Al parecer, el temor que causan las extorsiones a pilotos del servicio de transporte y los hechos de violencia que conllevan mantienen en vilo a los guatemaltecos.
Hay quienes mencionan que viven estresados y con angustia, mientras otros aconsejan comprar armas y combatir directamente a los delincuentes.
Protección
Algunos culpan al presidente Otto Pérez Molina y su administración, por no tomar acciones concretas que permitan reducir los crímenes.
Otros responsabilizan a los derechos humanos, por “proteger” a los victimarios y no dejar que la población haga “justicia con su propia mano”.
La legislación guatemalteca prohíbe toda acción que atente contra la vida —linchamientos—; sin embargo, varios cibernautas comparten la idea de la “limpieza social” en el país.
El sentimiento de las mujeres es diferente, pero igualmente preocupante, pues aseguran que utilizan el servicio de transporte urbano “solo por necesidad”.
Algunas mencionan que en ocasiones los usuarios son asaltados o se producen ataques armados cuando los autobuses van en marcha y circulan frente a estaciones de la Policía Nacional Civil.
Análisis
La conclusión de Ana Escobar, una seguidora de Prensa Libre en Facebook, es: “Nunca habíamos estado tan mal. Tenemos inseguridad por todas partes”.
Aunque la problemática es grave, el humor de los guatemaltecos también quedó de manifiesto, pues no faltó quien se mofara del actual gobierno, diciendo que este año votará nuevamente por el Partido Patriota, pues ahora sí “aplicará mano dura”.

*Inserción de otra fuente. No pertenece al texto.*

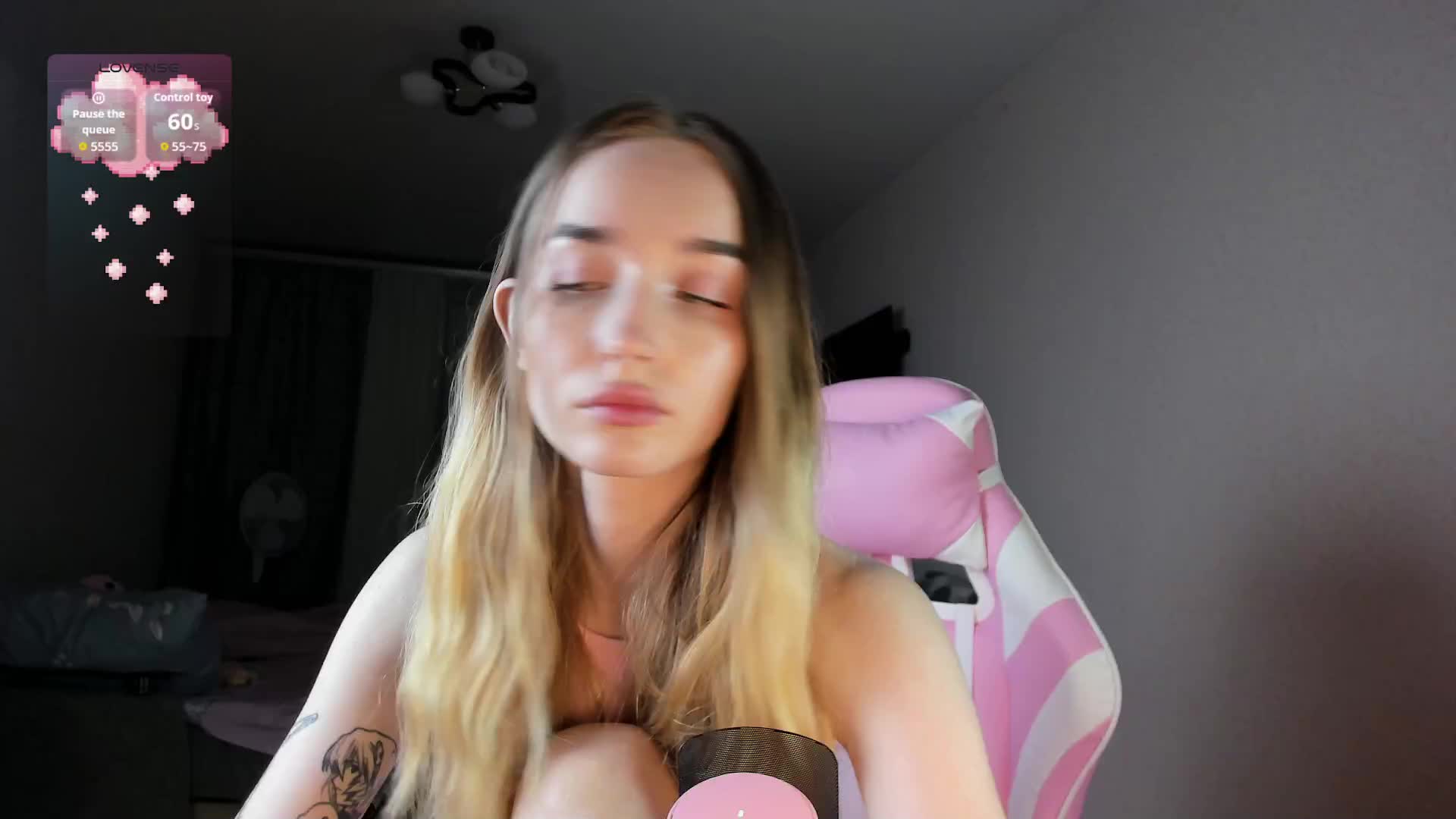 Polikinesis Live Sex December 13, 2025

El militar retirado José Efraín Ríos Montt fue incluido en los comentarios, pues Mayra Orellana Diéguez recordó que “en tiempos de Ríos Montt se podía caminar con tranquilidad, porque patrullaban las calles”.
Otros concluyen que los autobuses rojos son los más peligrosos, y por ello aseguran que prefieren hacer un esfuerzo y sacrificar su economía pagando servicio de taxi para transportarse.